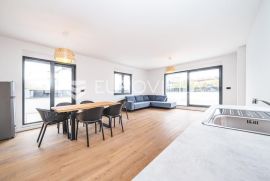 Zagreb, Rudeš, NOVOGRADNJA, peterosobni stan NKP 140 m2, Zagreb, Flat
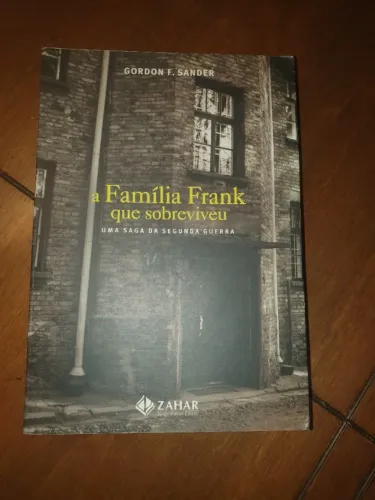 Livro sobre a segunda guerra mundial,  A Família Frank que sobreviveu. 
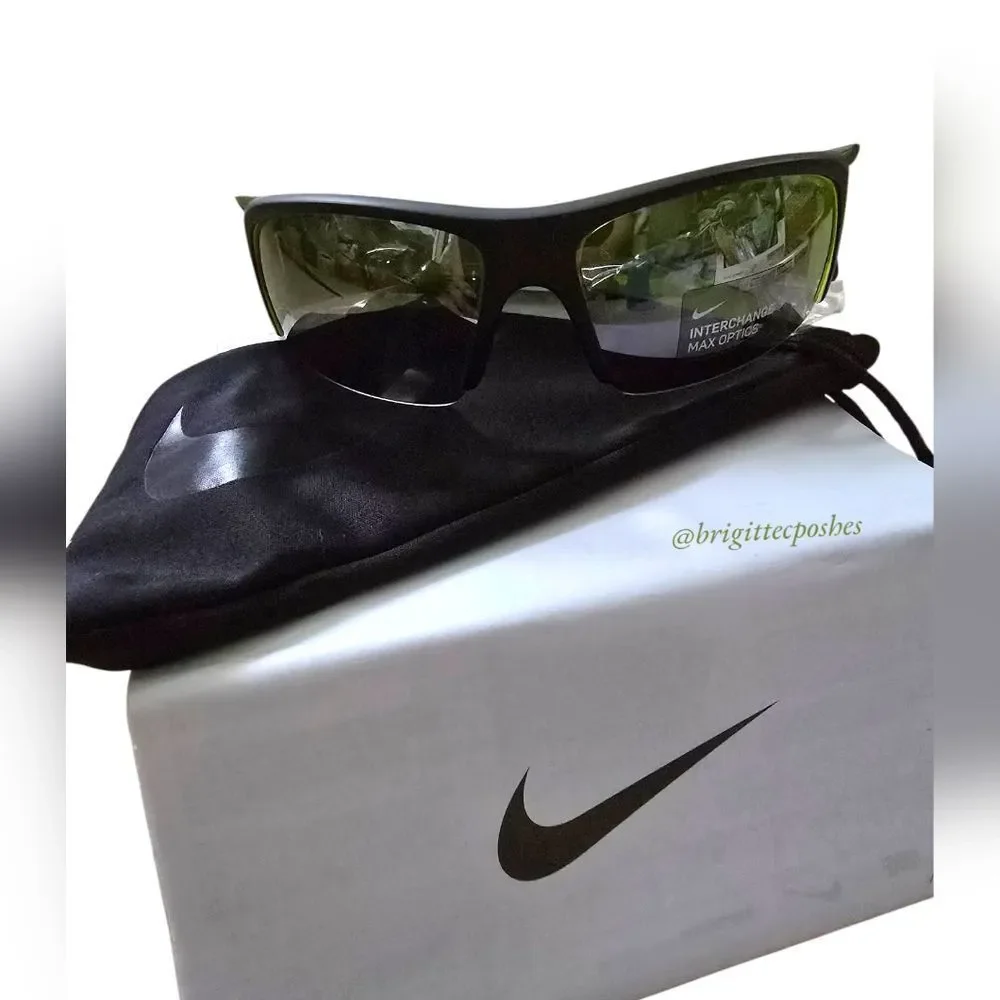 NIKE Unisex Diverge Matte Black Sunglasses
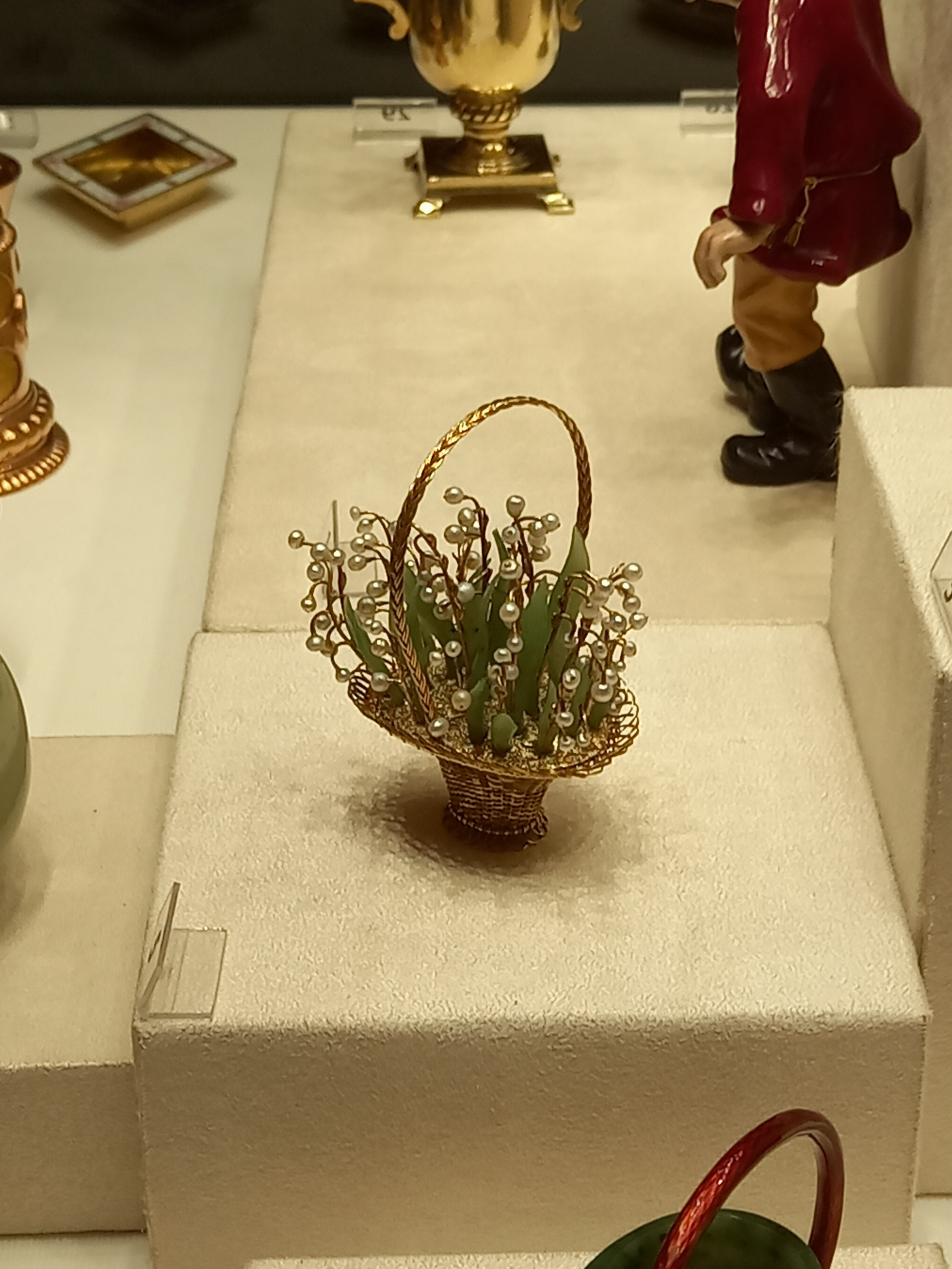 Корзинка с ландышами Lillies of the Valley basket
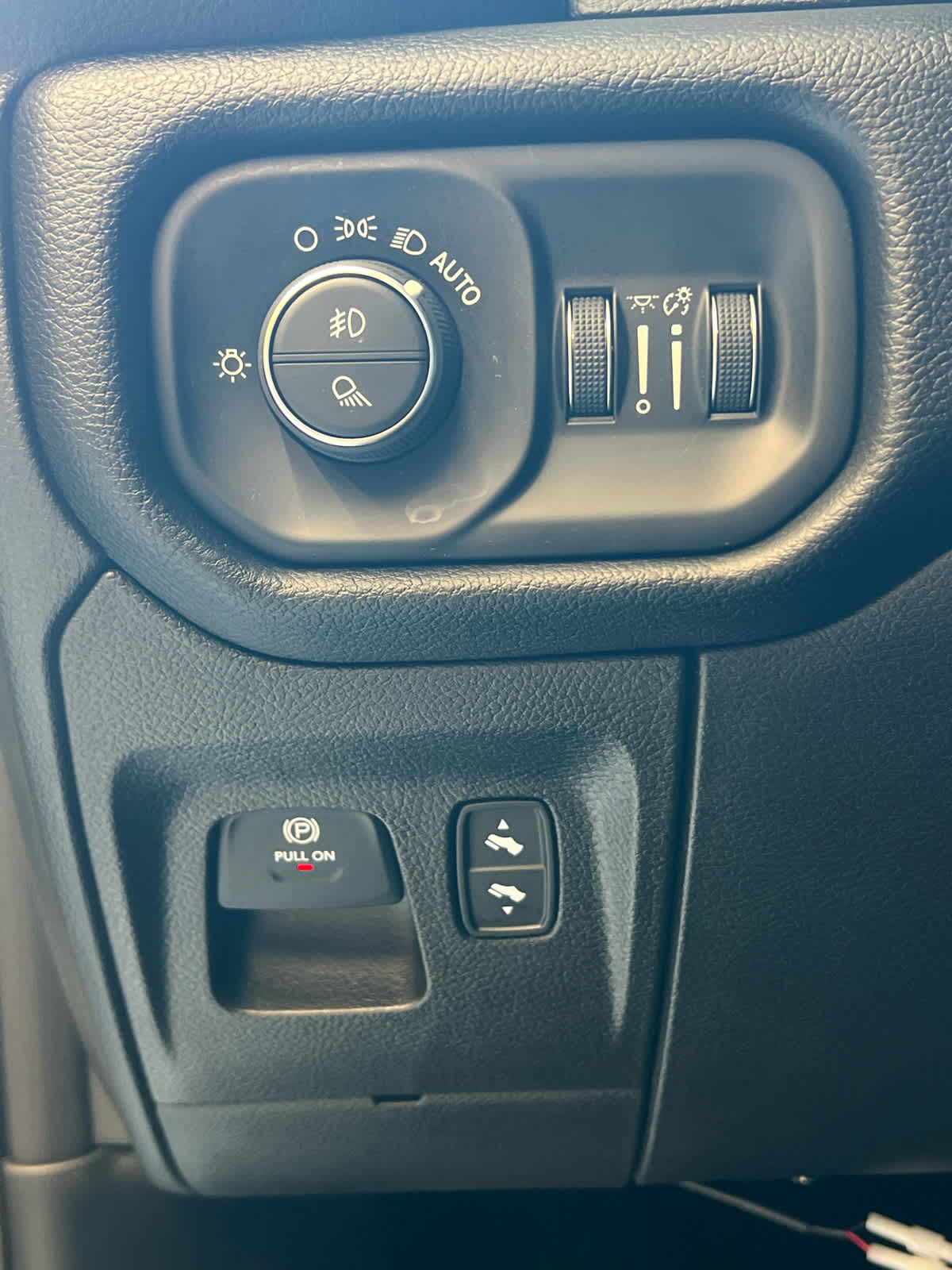 2026 RAM 1500 Lone Star 4x4 Crew Cab 57 Box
--------
**Prompt**
Give back the full listing word for word, with the pictures left out.

**Answer space**
 Zagreb, Rudeš, NOVOGRADNJA, peterosobni stan NKP 140 m2, Zagreb, Flat
 Livro sobre a segunda guerra mundial,  A Família Frank que sobreviveu. 
 NIKE Unisex Diverge Matte Black Sunglasses
 Корзинка с ландышами Lillies of the Valley basket
 2026 RAM 1500 Lone Star 4x4 Crew Cab 57 Box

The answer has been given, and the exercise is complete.